Wednesday, July 20, 2011

Special #2: Reports from the Enban Summer Festival. Day 1, #2: Takahiro Hirama (平間貴大)

Who: 平間貴大 (Takahiro Hirama)
Well?

Ever since I moved to Tokyo, I've seen Hirama-kun making trouble wherever he goes. Frying the transistors of the Fender amp at Enban,  injecting drum machine presets into delicate improvised textures at Grid 605 (that was during his drum machine phase), throwing stones at a pile of tapes as Madoka Kono made sophisticated casette player drones, somehow failing to play his own CD from a CD player at the release party for said CD, frustrating the audience with misdirection in a prepared guitar performance where he merely turned the amp of an on. I could go on.

And yet his constant inventiveness means that occasionally, he turns out an absolute gem of a performance which a less frustrating artist could probably never realize. His standout show to my mind was when he brought a sheet of glass, a wedge, a handheld plastic fan and a pack of cotton buds to Enban. He proceeded to balance the glass sheet on the wedge, taped the fan beneath the glass and then threw the cotton buds one by one on to the glass. At first nothing happened, but the laws of probability dictated that one side of the glass would eventually accumulate more cotton buds than the other. When this tipping point was reached, the glass started to rock on the wedge until it hit the fan producing a sharp buzzing noise once each oscillation. In my opinion, the performance  was really a master class in minimal music. The concept was clear, the materials limited, the time was set by the finite number of cotton buds in the pack. And yet the sound produced was complex.

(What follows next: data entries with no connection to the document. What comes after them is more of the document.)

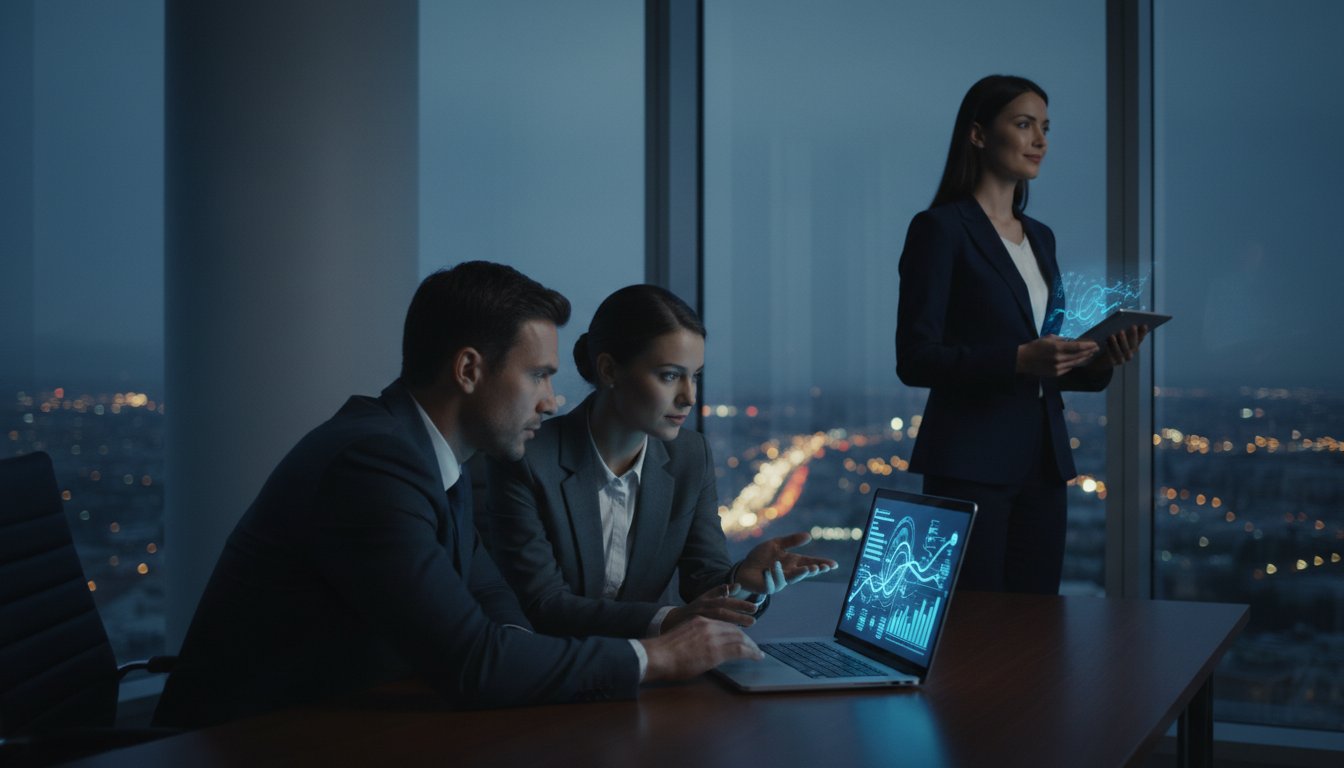 7 Signs You Need to Outsource HR: The 2026 Business Growth Checklist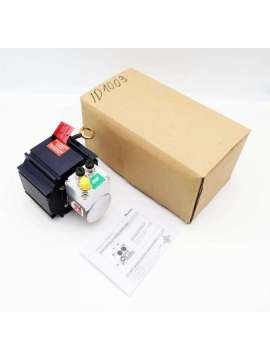 cew58m-00188-tr electronic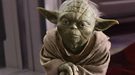 El maestro Yoda podría aparecer en 'Star Wars: El despertar de la fuerza'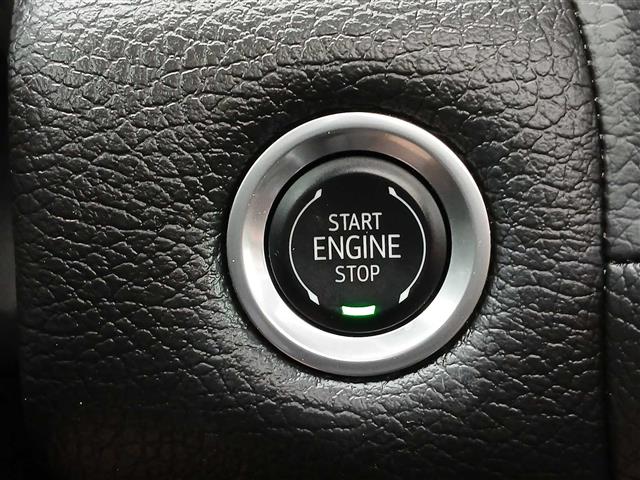 2024 GMC Yukon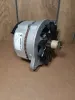 Picture of Alternator 12V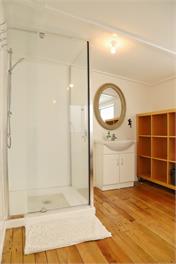 Hosts on the Coast Waihi Beach Home by the Sea - Waihi Beach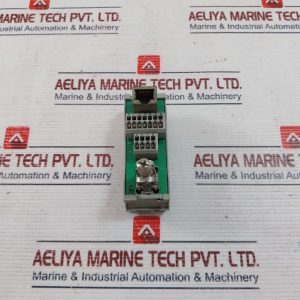 Wago 289-179 Interface Module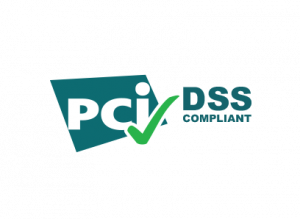 psc skladnost
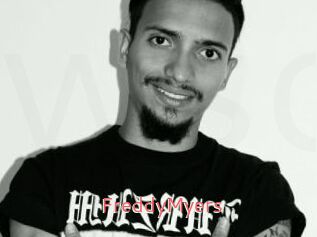 FreddyMyers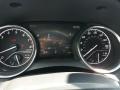 2020 Predawn Gray Mica Toyota Camry SE AWD  photo #38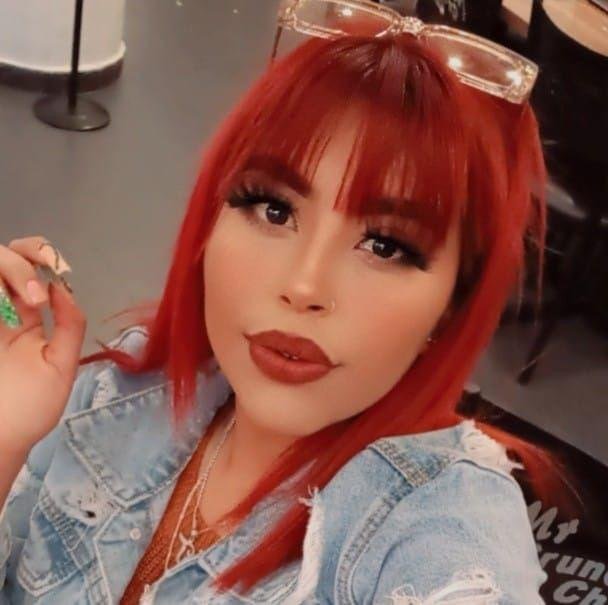 Cousin has a sexy body #LlYqqZA6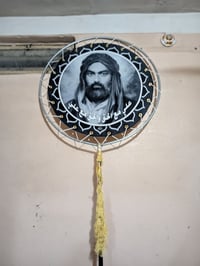 صورة موكب • جديدة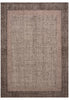 Rizzy Melbourne MEL693 Brown Area Rug main image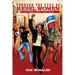 Through the Eyes of Rebel Women: The Young Lords, 1969-1976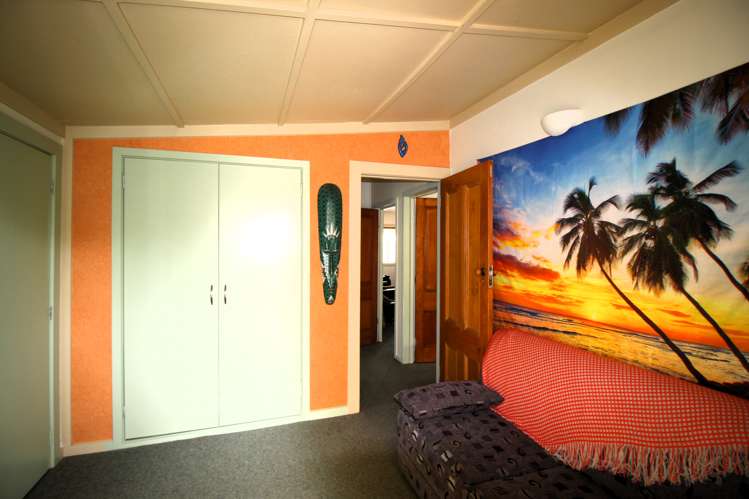 49 Roxby Street Oamaru_13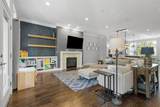 420 Bradley Street - Photo 14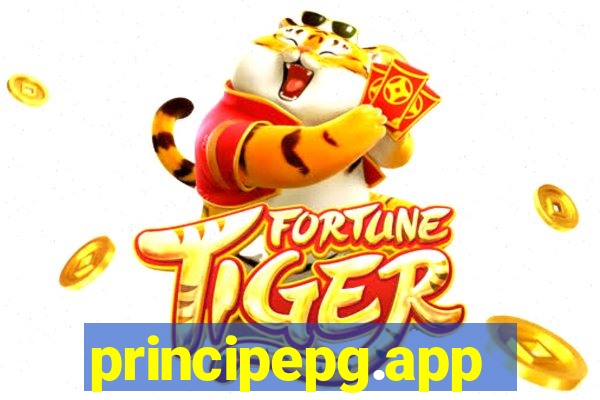 principepg.app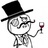 LulzSec_GT's profile image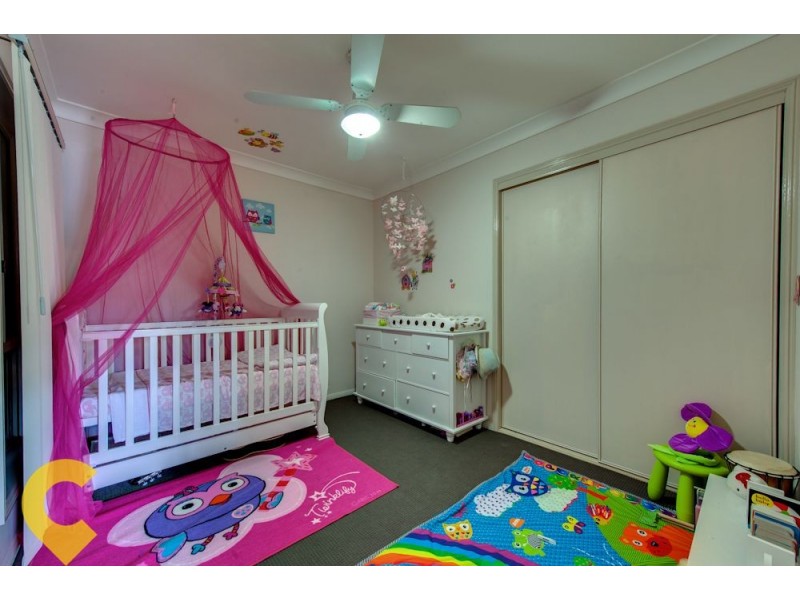 5 Noumea Place, Forest Lake QLD 4078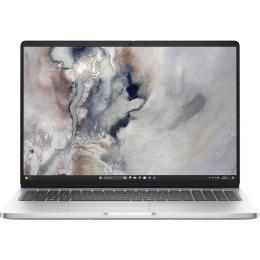 Ноутбук Dell 16 Pro 16 PC16250 FHD+/Intel U5-235U/16GB/512SSD/UMA/DOS (BTO105_PC16250_UA_UBU)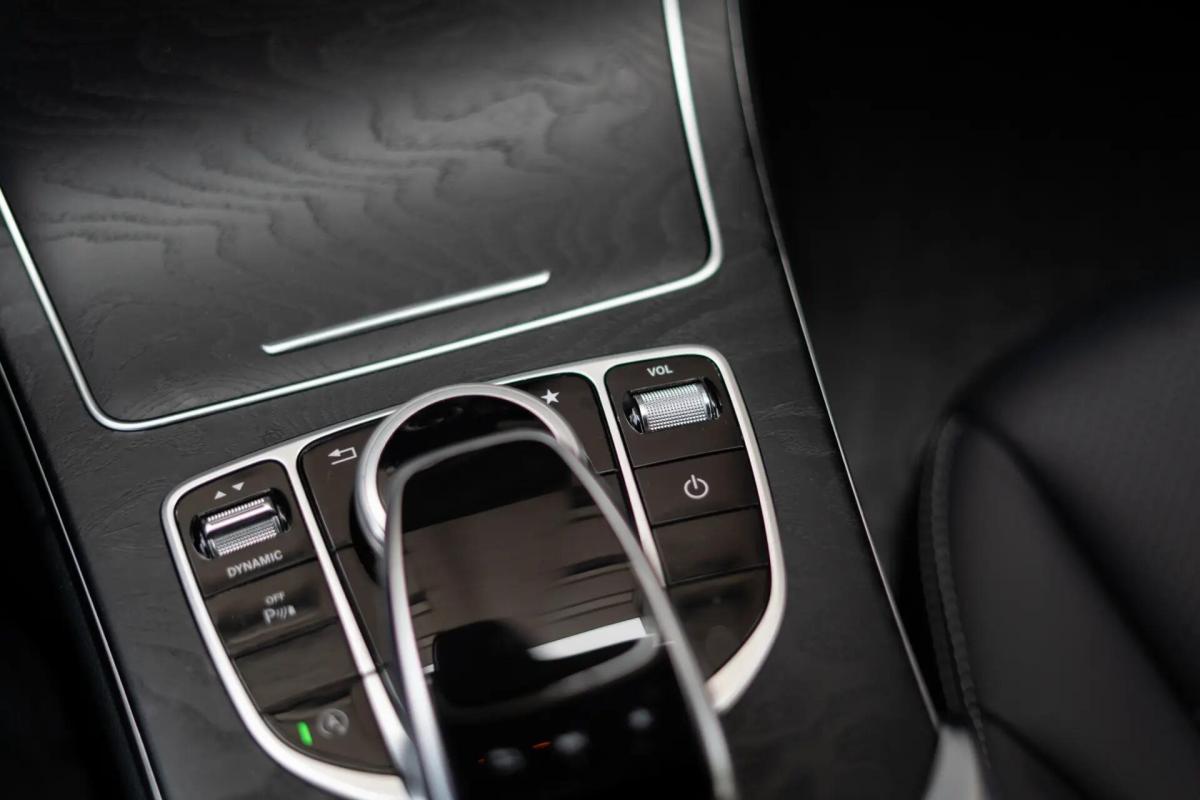 mercedes-benz-classe-c-c-250-cdi-blueefficiency-2018-diesel-2143cc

Lately, Hirama has been turning more to computerised sound sources. His performance at the Enban summer festival on Saturday consisted of running the word "no" through the Google translate speech generator for a number of different languages. The 6th floor lounge of O-nest was filled with layers of synthesized voices, coming in and out of phase as the successive "no"s, "non"s, "nein"s, etc, were translated. It was definitely one of his more musical performances.

This youtube link from a recording of a performance at the now defunct loopline is  fairly representative of his style, but there are a number of clips of Hirama on line, some of them dealing with his involvement in the New Methodist Art Group (no relation to the Christian denomination).